Ynyslas Nature Reserve
Picture courtesy of Visitmidwales
With the autumn term having just begun, the time seemed about right to avoid the crowds and certainly the beach directly in front of our cottage remained almost deserted. Borth is a small community, formerly a fishing village, which stretches for about a mile with the sea on one side and a railway line on the other. It’s quite close to the Ynyslas nature reserve which was featured on the BBC’s Springwatch programme the year after the same team spent three seasons at our very own Pensthorpe. Whenever we head west for a holiday we run the risk of doubts regarding the weather. Have we remembered to pack the coats, scarves, gloves and the rest of the wet weather gear? Don’t bother with the sun cream or sunglasses. Well this time we just struck lucky. From day one the skies were blue, the sun warm, the sea calm. Yes, it was a bit chilly taking a dip but glorious none the less. A particular pleasure was in being able to get close to the resident bird life. Perched on the nearby breakwaters were the inevitable gulls but also a regular regiment of cormorants. Overhead, screeching loudly, were flocks of terns whose daily feeding gatherings above the bay were a delight to watch. Their method was simple but effective, dive bombing at great speed, hitting the water with a splash and soon surfacing. If they had caught a small fish it remained in their bills as they flew off, frequently chased by others hoping to share in the bounty. If I had to find one word to describe Borth it would be ‘quirky’. The beach-side properties conformed to no particular standards, varying in size, shape, colour and quality. Some seem to have been thrown together almost at random whilst others were clearly the pride and joy of their owners. There’s one mini-supermarket and a few small shops along the main road. I was a bit shocked to discover a tattoo parlour had arrived since our last visit three years ago. But then I had similar feelings when one opened in Fakenham so I guess that was understandable. If the place reminded me of home at all it was in the friendliness of its people. And the obvious sense of community. I spotted a number of messages left on doors which reflected this. One for the deliverer of meals on wheels, for example, to post the food through the cat flap if the resident happened to be out. For my money such positives are worth much more than meets the eye.

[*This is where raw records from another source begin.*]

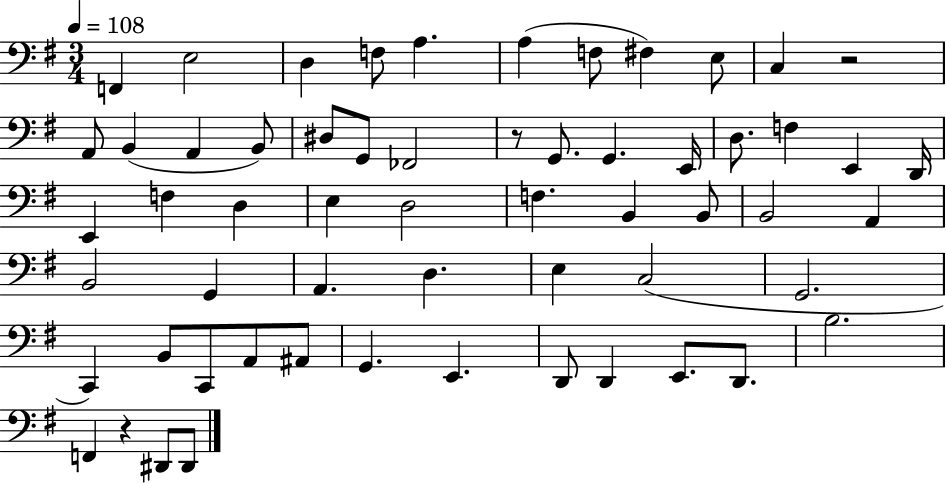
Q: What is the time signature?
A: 3/4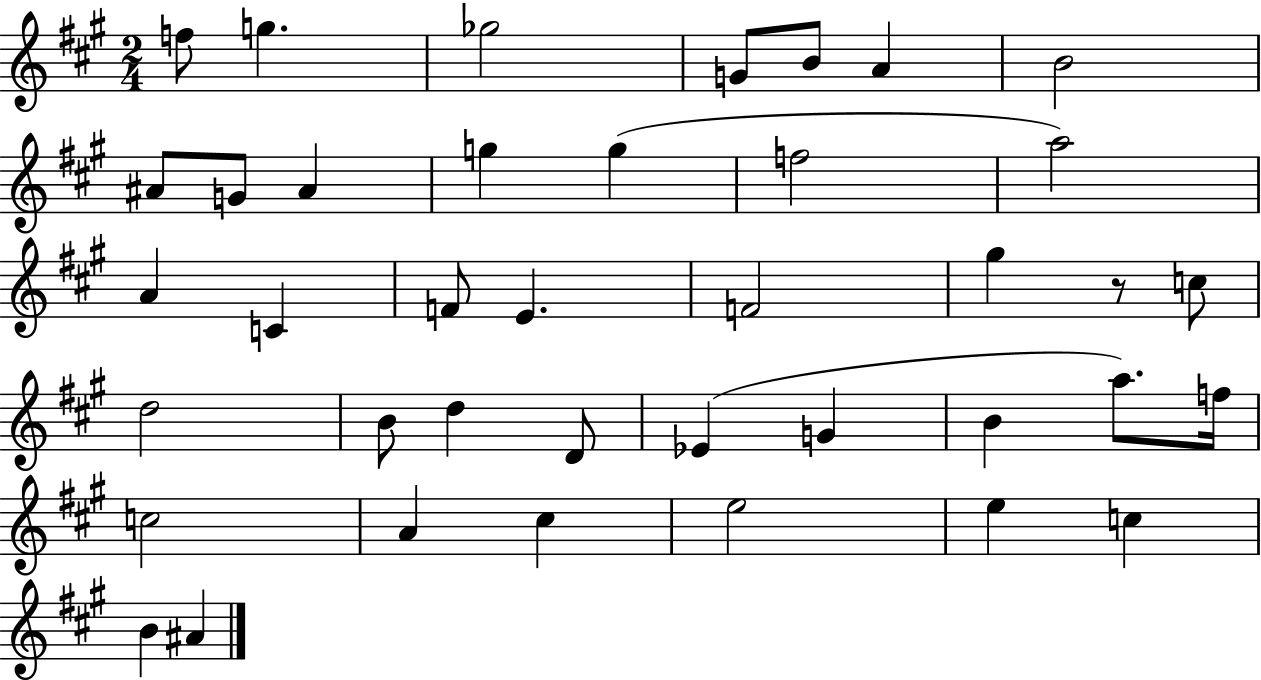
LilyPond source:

{
  \clef treble
  \numericTimeSignature
  \time 2/4
  \key a \major
  f''8 g''4. | ges''2 | g'8 b'8 a'4 | b'2 | \break ais'8 g'8 ais'4 | g''4 g''4( | f''2 | a''2) | \break a'4 c'4 | f'8 e'4. | f'2 | gis''4 r8 c''8 | \break d''2 | b'8 d''4 d'8 | ees'4( g'4 | b'4 a''8.) f''16 | \break c''2 | a'4 cis''4 | e''2 | e''4 c''4 | \break b'4 ais'4 | \bar "|."
}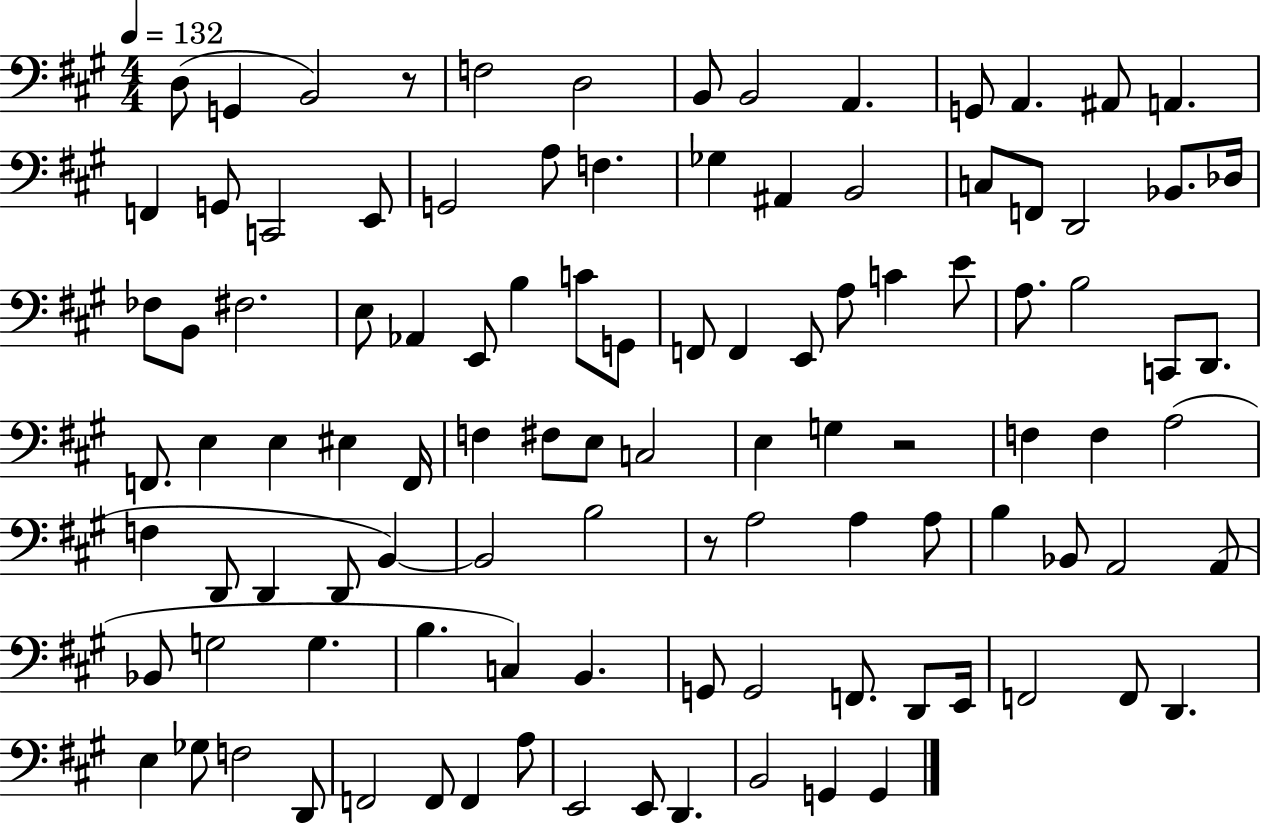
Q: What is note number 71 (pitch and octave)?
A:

n Our time away meant I had to miss the September council meeting at which a new mayor and deputy were elected following the unexpected resignation of Jeremy Punchard in August. As might have been anticipated, current deputy Adrian Vertigan won the approval of the council and accepted the mayor’s chain of office until next May. Voted in as deputy mayor was George Acheson, known to many in the town as a former local GP. He’s a relatively new councillor but has already made his mark as someone of efficiency and enthusiasm. I think he will fill this office with distinction.